(Captioned web image data)
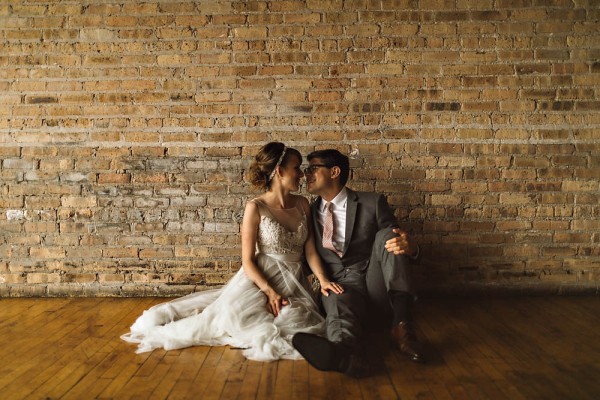 Vintage-Industrial-Chicago-Wedding-at-Salvage-One (12 of 33)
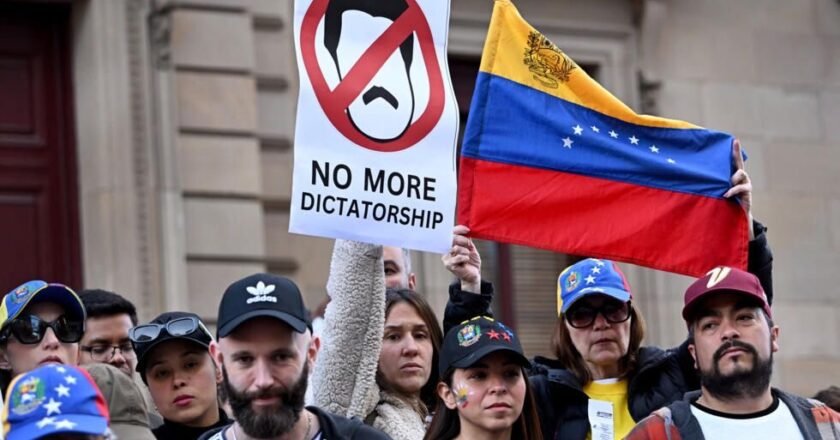La gran marcha global por la crisis en Venezuela se lleva a cabo en medio de tensiones políticas.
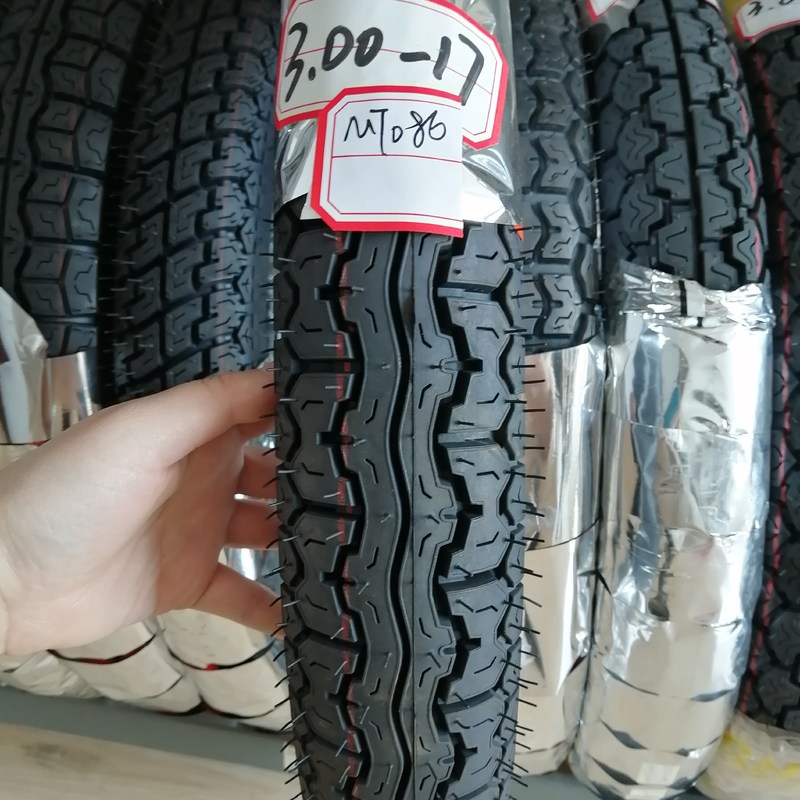Pneus de moto légers de 17 pouces 2.75-17 3.00-17 90/90-17 100/90-17 120/80-17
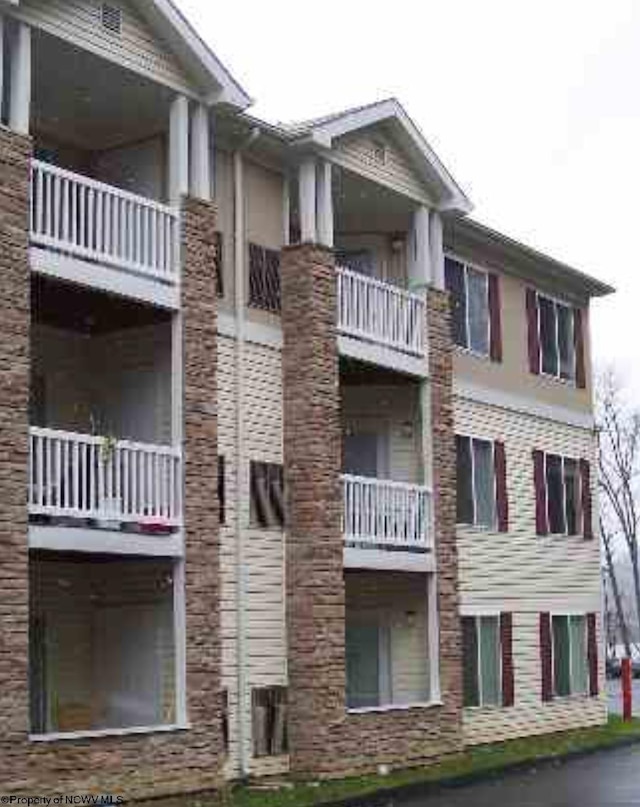view of building exterior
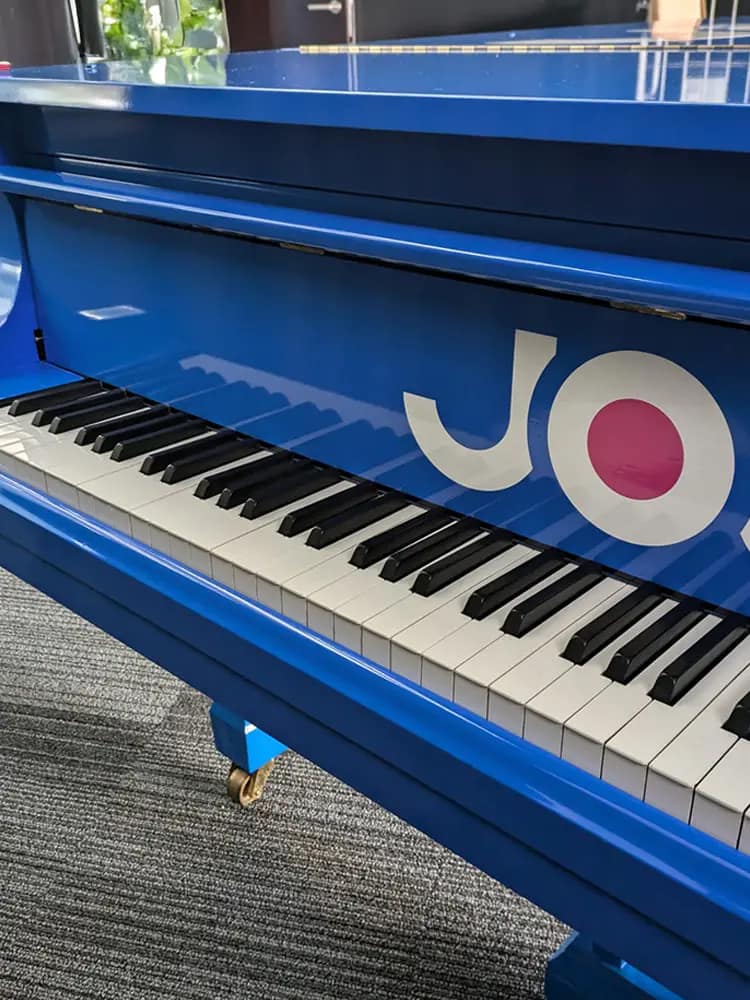 joe--qmusic-wrapping-piano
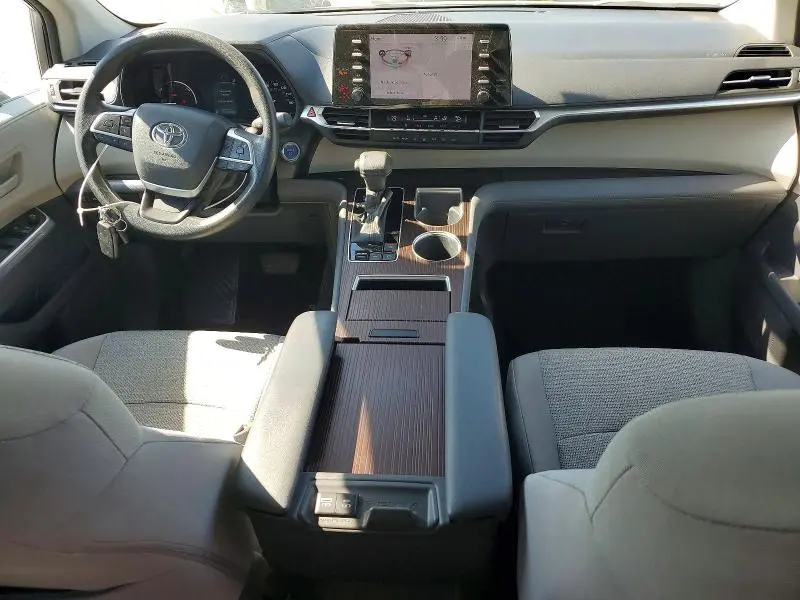2021 TOYOTA SIENNA LE  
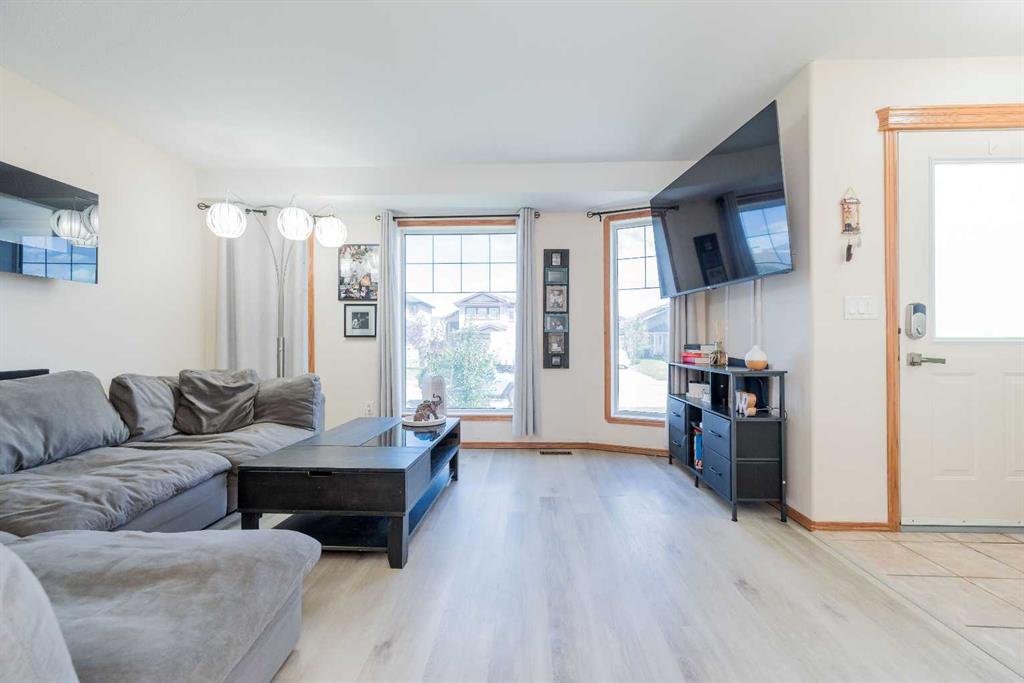 Fifth View of 9826 90A Street , Cobblestone, Grande Prairie, Alberta, T8X 1T3
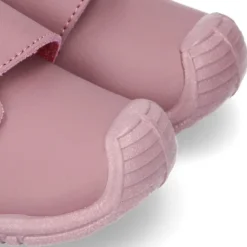 Botita sin cordones, con puntera y talonera con Mariposa en piel lavable.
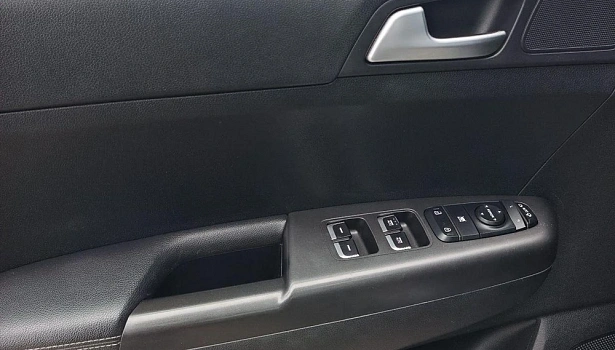 Kia Sportage 2.0 4WD Внедорожник Prestige (2018-2019) (150 л.с.) фото 20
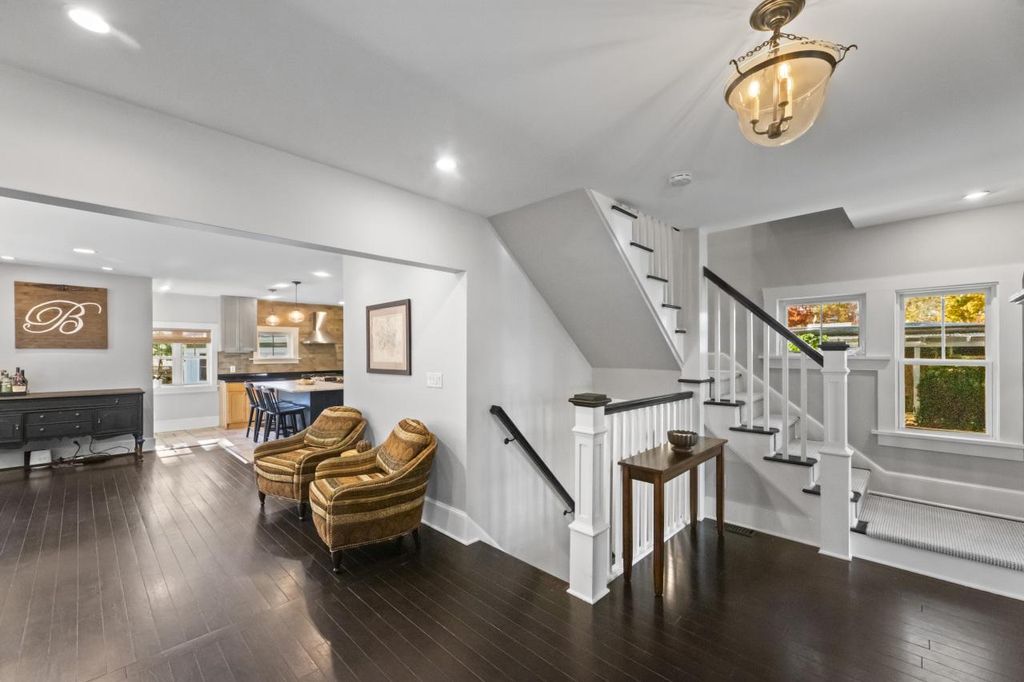 Photo of 621 W Labelle AVENUE, Oconomowoc, WI 53066 (MLS # 1941665)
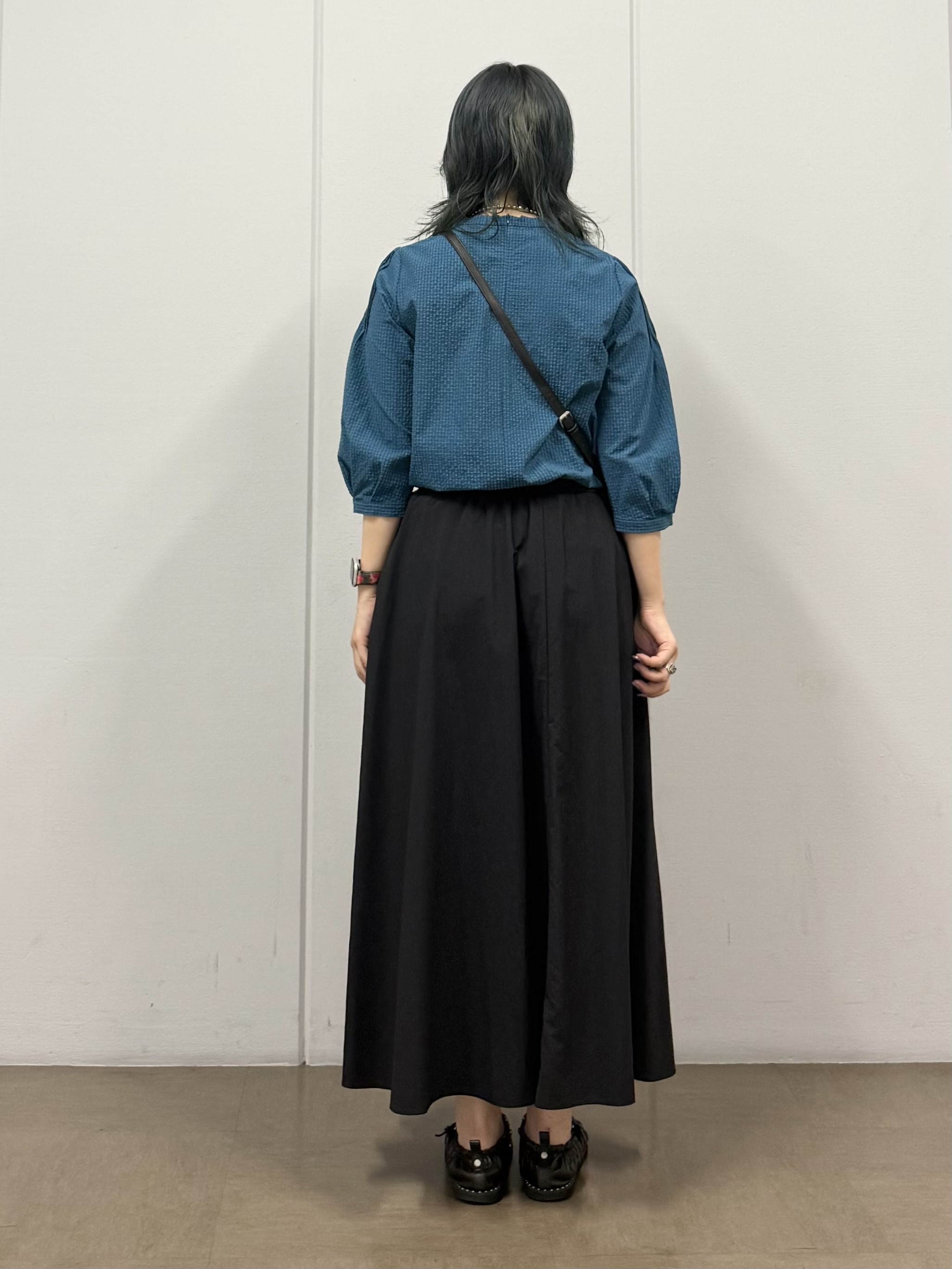 mizukiさんの「INDIVI｜【UVケア／吸汗速乾】凹凸素材ミニスタンドトップス」を使ったコーディネート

What is being asked ::
When you copy the records above, keep every word exact and drop the pictures.

Solution ::
 Vintage-Industrial-Chicago-Wedding-at-Salvage-One (12 of 33)
La gran marcha global por la crisis en Venezuela se lleva a cabo en medio de tensiones políticas.
Pneus de moto légers de 17 pouces 2.75-17 3.00-17 90/90-17 100/90-17 120/80-17
view of building exterior
 joe--qmusic-wrapping-piano
2021 TOYOTA SIENNA LE  
 Fifth View of 9826 90A Street , Cobblestone, Grande Prairie, Alberta, T8X 1T3
 Botita sin cordones, con puntera y talonera con Mariposa en piel lavable.
 Kia Sportage 2.0 4WD Внедорожник Prestige (2018-2019) (150 л.с.) фото 20
 Photo of 621 W Labelle AVENUE, Oconomowoc, WI 53066 (MLS # 1941665)
 mizukiさんの「INDIVI｜【UVケア／吸汗速乾】凹凸素材ミニスタンドトップス」を使ったコーディネート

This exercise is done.